Adding Functionality to Apache NiFi
Also available as:
PDF
loading table of contents...

Processor Behavior Annotations

When creating a Processor, the developer is able to provide hints to the framework about how to utilize the Processor most effectively. This is done by applying annotations to the Processor's class. The annotations that can be applied to a Processor exist in three sub-packages of org.apache.nifi.annotations. Those in the documentation sub-package are used to provide documentation to the user. Those in the lifecycle sub-package instruct the framework which methods should be called on the Processor in order to respond to the appropriate life-cycle events. Those in the behavior package help the framework understand how to interact with the Processor in terms of scheduling and general behavior.

The following annotations from the org.apache.nifi.annotations.behavior package can be used to modify how the framework will handle your Processor:

  • EventDriven: Instructs the framework that the Processor can be scheduled using the Event-Driven scheduling strategy. This strategy is still experimental at this point, but can result in reduced resource utilization on dataflows that do not handle extremely high data rates.
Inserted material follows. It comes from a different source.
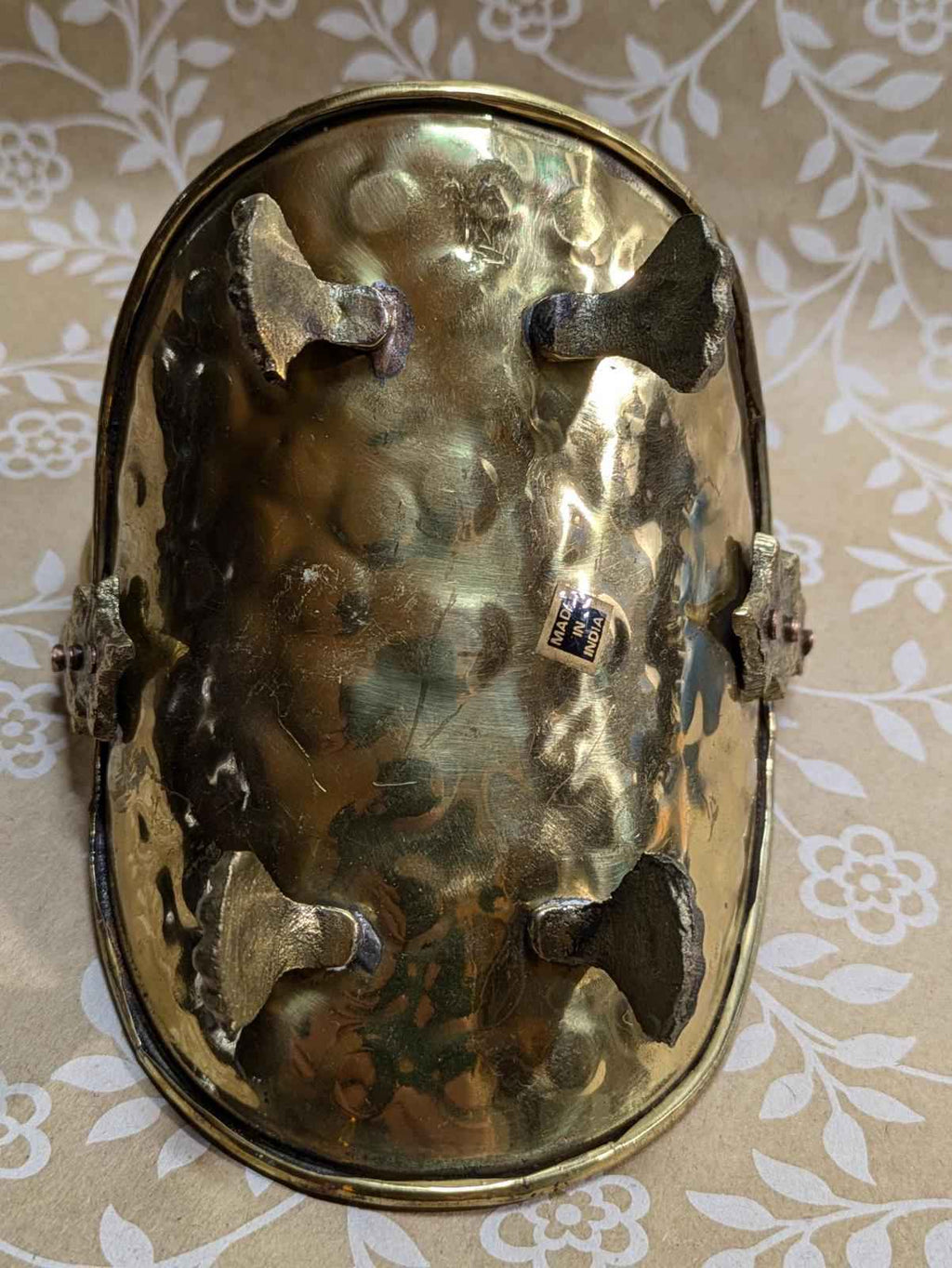 Vintage hammered brass miniature log holder - Shop Under The Cedar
  • SideEffectFree: Indicates that the Processor does not have any side effects external to NiFi. As a result, the framework is free to invoke the Processor many times with the same input without causing any unexpected results to occur. This implies idempotent behavior. This can be used by the framework to improve efficiency by performing actions such as transferring a ProcessSession from one Processor to another, such that if a problem occurs many Processors' actions can be rolled back and performed again.
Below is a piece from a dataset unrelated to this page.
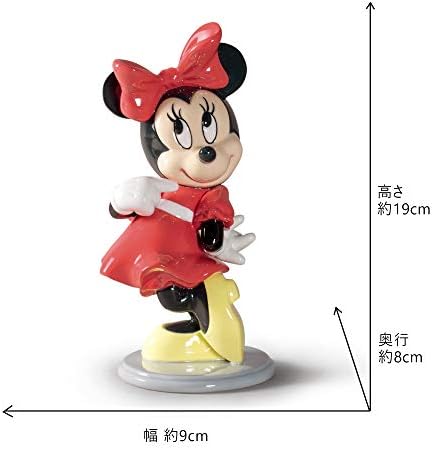 Estatueta de mouse de Minnie Lladró. Figura da mouse da Minnie de porcelana.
  • SupportsBatching: This annotation indicates that it is okay for the framework to batch together multiple ProcessSession commits into a single commit. If this annotation is present, the user will be able to choose whether they prefer high throughput or lower latency in the Processor's Scheduling tab. This annotation should be applied to most Processors, but it comes with a caveat: if the Processor calls ProcessSession.commit, there is no guarantee that the data has been safely stored in NiFi's Content, FlowFile, and Provenance Repositories. As a result, it is not appropriate for those Processors that receive data from an external source, commit the session, and then delete the remote data or confirm a transaction with a remote resource.

  • TriggerSerially: When this annotation is present, the framework will not allow the user to schedule more than one concurrent thread to execute the onTrigger method at a time. Instead, the number of thread ("Concurrent Tasks") will always be set to 1. This does not, however, mean that the Processor does not have to be thread-safe, as the thread that is executing onTrigger may change between invocations.

  • PrimaryNodeOnly: Apache NiFi, when clustered, offers two modes of execution for Processors: "Primary Node" and "All Nodes". Although running in all the nodes offers better parallelism, some Processors are known to cause unintended behaviors when run in multiple nodes. For instance, some Processors list or read files from remote filesystems. If such Processors are scheduled to run on "All Nodes", it will cause unnecessary duplication and even errors. Such Processors should use this annotation. Applying this annotation will restrict the Processor to run only on the "Primary Node".

  • TriggerWhenAnyDestinationAvailable: By default, NiFi will not schedule a Processor to run if any of its outbound queues is full. This allows back-pressure to be applied all the way a chain of Processors. However, some Processors may need to run even if one of the outbound queues is full. This annotations indicates that the Processor should run if any Relationship is "available." A Relationship is said to be "available" if none of the connections that use that Relationship is full. For example, the DistributeLoad Processor makes use of this annotation. If the "round robin" scheduling strategy is used, the Processor will not run if any outbound queue is full. However, if the "next available" scheduling strategy is used, the Processor will run if any Relationship at all is available and will route FlowFiles only to those relationships that are available.

  • TriggerWhenEmpty: The default behavior is to trigger a Processor to run only if its input queue has at least one FlowFile or if the Processor has no input queues (which is typical of a "source" Processor). Applying this annotation will cause the framework to ignore the size of the input queues and trigger the Processor regardless of whether or not there is any data on an input queue. This is useful, for example, if the Processor needs to be triggered to run periodically to time out a network connection.

  • InputRequirement: By default, all Processors will allow users to create incoming connections for the Processor, but if the user does not create an incoming connection, the Processor is still valid and can be scheduled to run. For Processors that are expected to be used as a "Source Processor," though, this can be confusing to the user, and the user may attempt to send FlowFiles to that Processor, only for the FlowFiles to queue up without being processed. Conversely, if the Processor expects incoming FlowFiles but does not have an input queue, the Processor will be scheduled to run but will perform no work, as it will receive no FlowFile, and this leads to confusion as well. As a result, we can use the @InputRequirement annotation and provide it a value of INPUT_REQUIRED, INPUT_ALLOWED, or INPUT_FORBIDDEN. This provides information to the framework about when the Processor should be made invalid, or whether or not the user should even be able to draw a Connection to the Processor. For instance, if a Processor is annotated with InputRequirement(Requirement.INPUT_FORBIDDEN), then the user will not even be able to create a Connection with that Processor as the destination.